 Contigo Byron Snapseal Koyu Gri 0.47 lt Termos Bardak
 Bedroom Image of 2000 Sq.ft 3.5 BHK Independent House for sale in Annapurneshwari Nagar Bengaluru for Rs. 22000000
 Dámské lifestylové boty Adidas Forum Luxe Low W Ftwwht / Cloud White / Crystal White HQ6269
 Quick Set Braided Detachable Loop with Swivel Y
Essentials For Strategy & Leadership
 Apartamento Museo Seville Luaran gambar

* * * * * * * * *

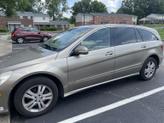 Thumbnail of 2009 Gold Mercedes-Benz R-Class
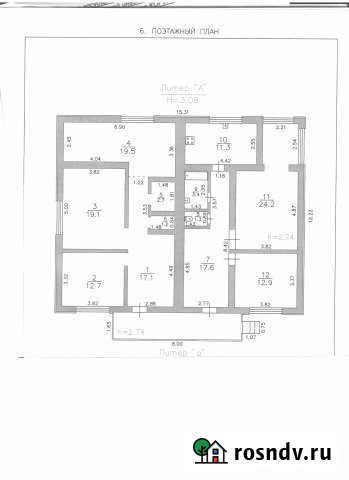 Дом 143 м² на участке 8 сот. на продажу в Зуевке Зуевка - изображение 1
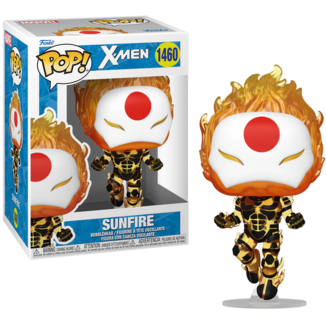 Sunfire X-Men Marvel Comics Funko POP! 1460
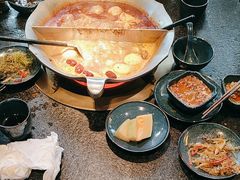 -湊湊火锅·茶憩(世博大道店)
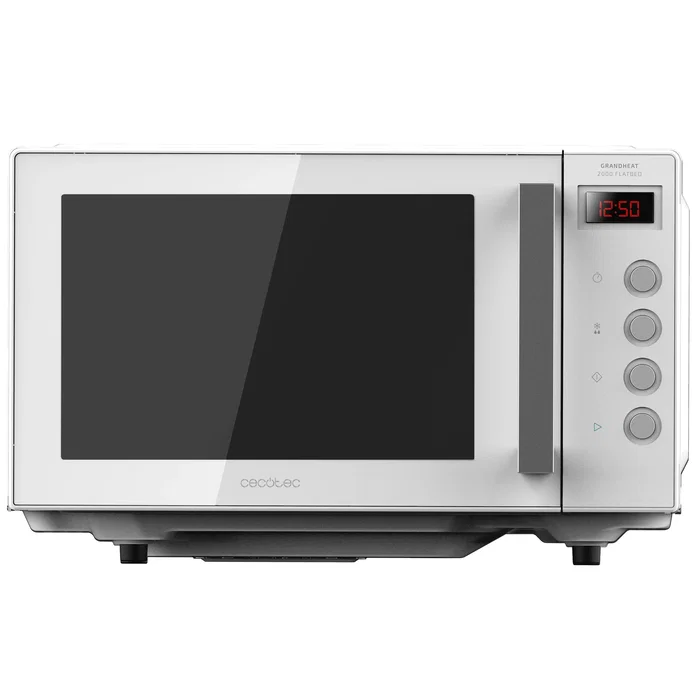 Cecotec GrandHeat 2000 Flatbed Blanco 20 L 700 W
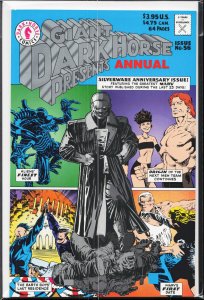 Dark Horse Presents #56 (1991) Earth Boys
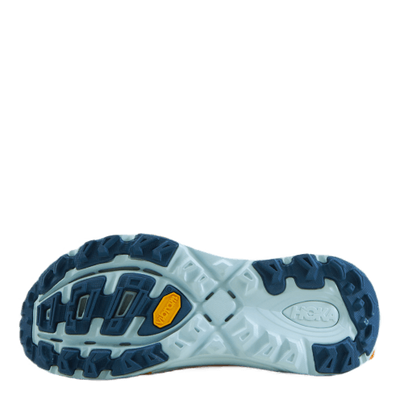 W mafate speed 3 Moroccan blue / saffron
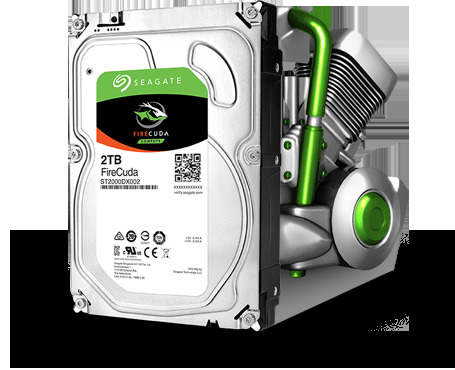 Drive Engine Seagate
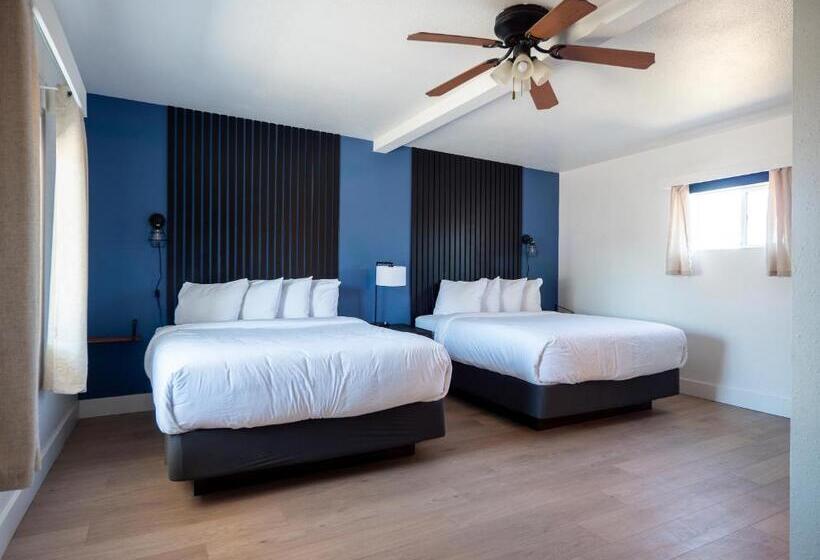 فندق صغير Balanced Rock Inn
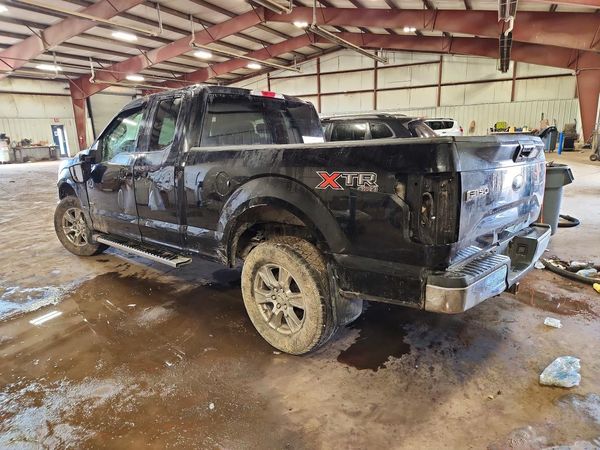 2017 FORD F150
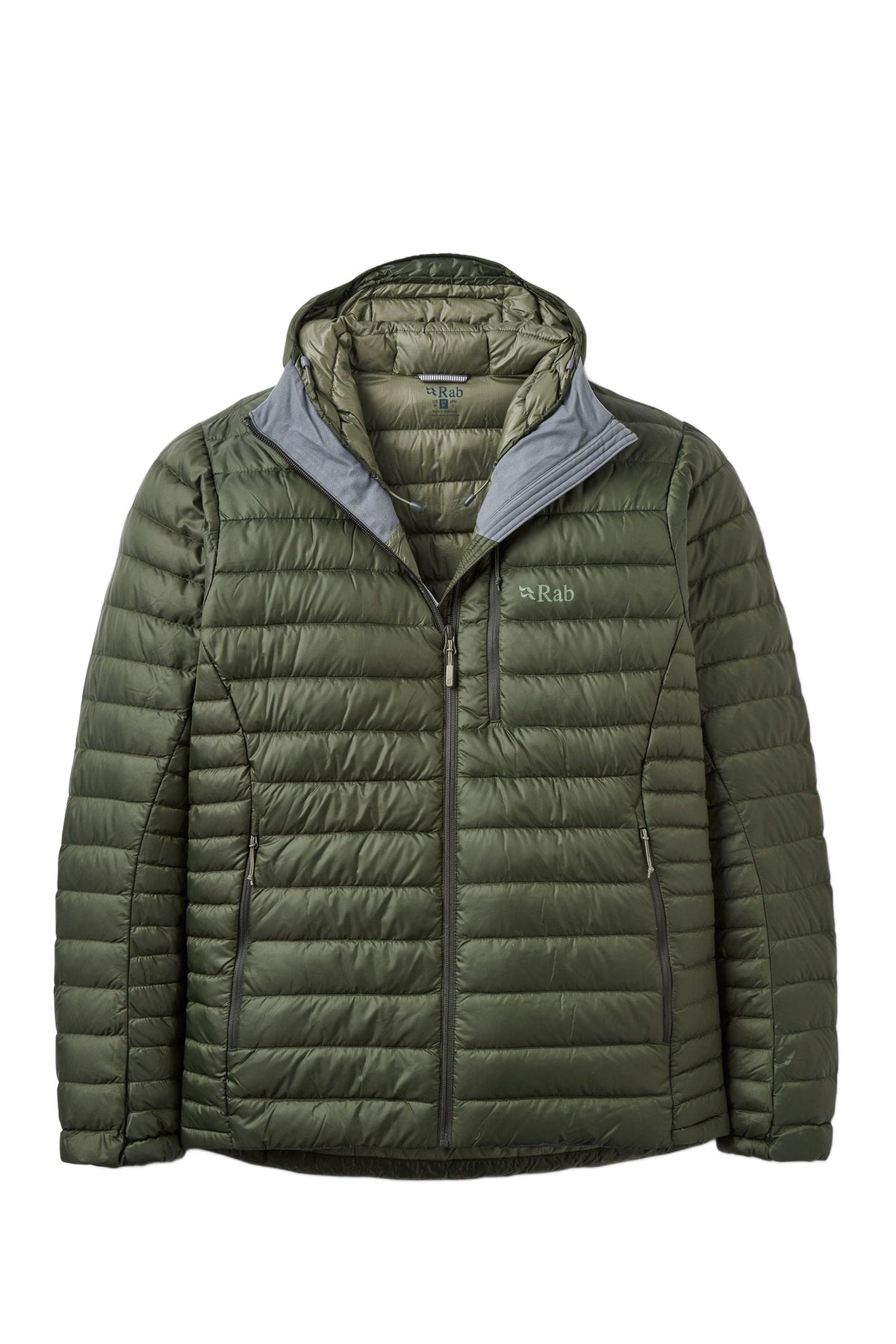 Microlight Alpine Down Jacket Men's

* * * * * * * * *

▶ WORK REQUEST
In the material above, one part opens with the line containing "W mafate speed" and closes with the line containing "Microlight Alpine Down Jacket Men's". Write out that part exactly and skip its pictures.

▶ WRITTEN SOLUTION
 W mafate speed 3 Moroccan blue / saffron
 Drive Engine Seagate
 فندق صغير Balanced Rock Inn
 2017 FORD F150
 Microlight Alpine Down Jacket Men's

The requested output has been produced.